RECORDS TO PROCESS »
■ ■ ■ ■
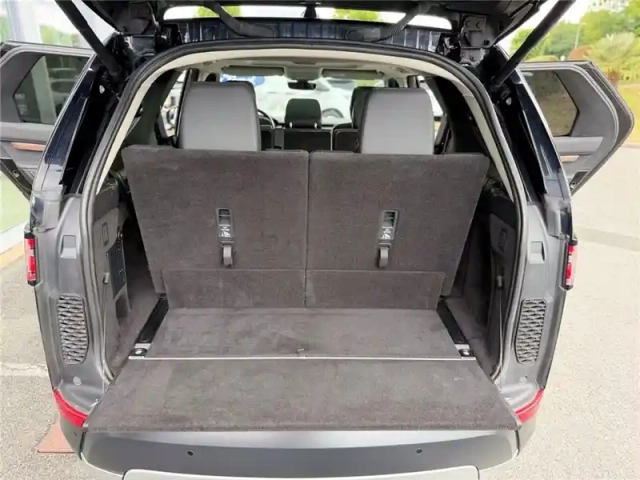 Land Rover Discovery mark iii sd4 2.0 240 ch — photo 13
■ ■ ■ ■
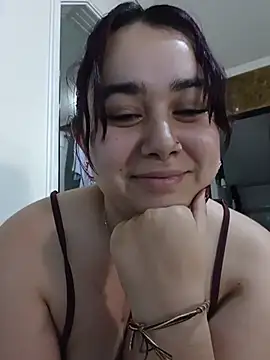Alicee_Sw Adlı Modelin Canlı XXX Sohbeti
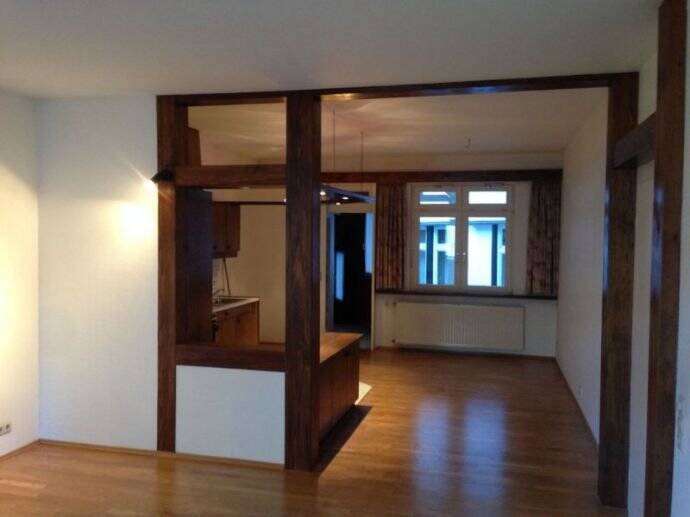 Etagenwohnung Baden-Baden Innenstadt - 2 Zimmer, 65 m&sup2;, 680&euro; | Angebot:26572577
■ ■ ■ ■
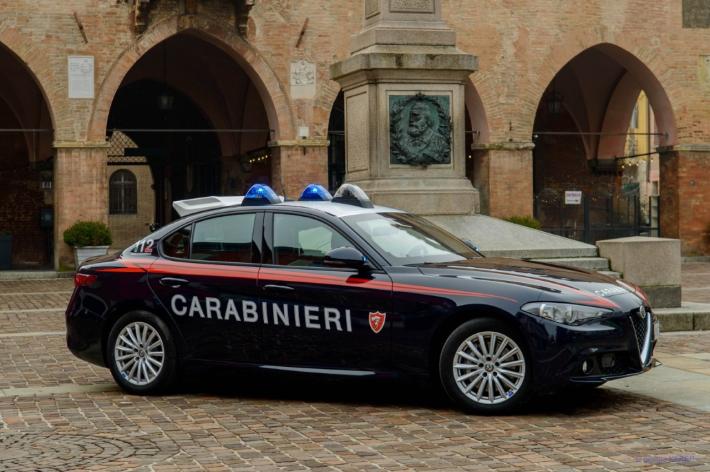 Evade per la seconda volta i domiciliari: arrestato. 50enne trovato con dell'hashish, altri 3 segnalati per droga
■ ■ ■ ■
EXERCISE BRIEF » The answer is the lines above from the one with "Alicee_Sw Adlı Modelin Canlı XXX Sohbeti" to the one with "Etagenwohnung Baden-Baden Innenstadt", set down exactly, with no pictures.

EXERCISE OUTPUT »
Alicee_Sw Adlı Modelin Canlı XXX Sohbeti
 Etagenwohnung Baden-Baden Innenstadt - 2 Zimmer, 65 m&sup2;, 680&euro; | Angebot:26572577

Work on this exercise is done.